● **About this exercise**
Instruction for the entries below: return the part that opens with the line containing "Tenda O1 Punto" and closes with the line containing "2022 Ford Escape SE Photo", exactly, and no pictures.

● **Supplied records**
┏━━
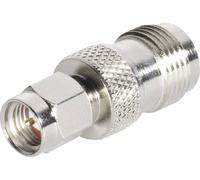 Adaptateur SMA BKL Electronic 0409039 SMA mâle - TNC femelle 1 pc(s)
┗━━
┏━━
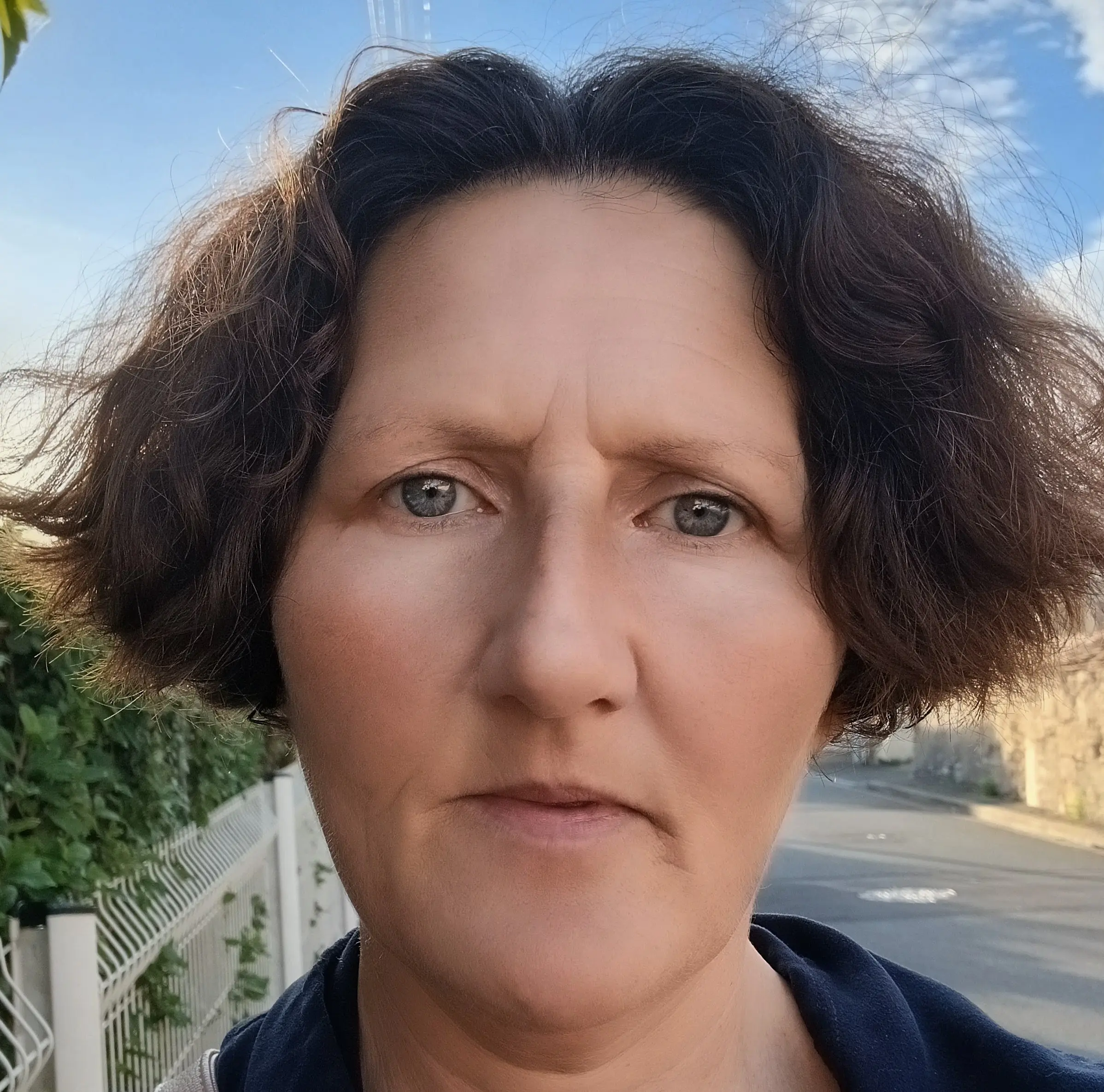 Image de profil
┗━━
┏━━
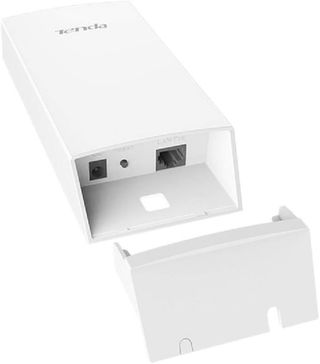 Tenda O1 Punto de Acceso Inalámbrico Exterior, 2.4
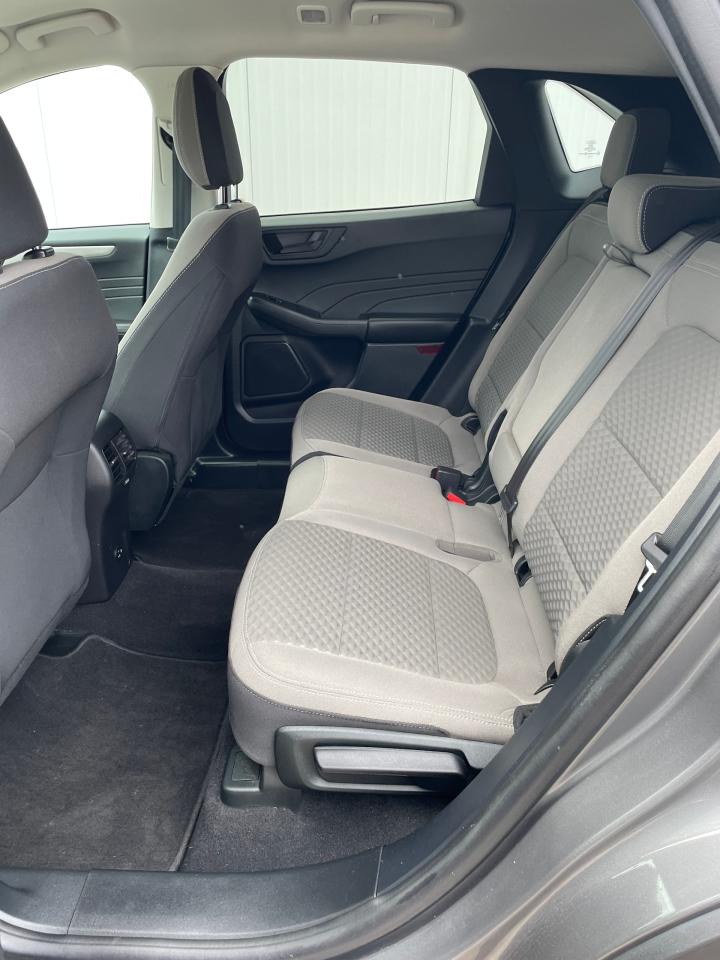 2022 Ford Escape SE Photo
┗━━
● **Exercise response**
 Tenda O1 Punto de Acceso Inalámbrico Exterior, 2.4
 2022 Ford Escape SE Photo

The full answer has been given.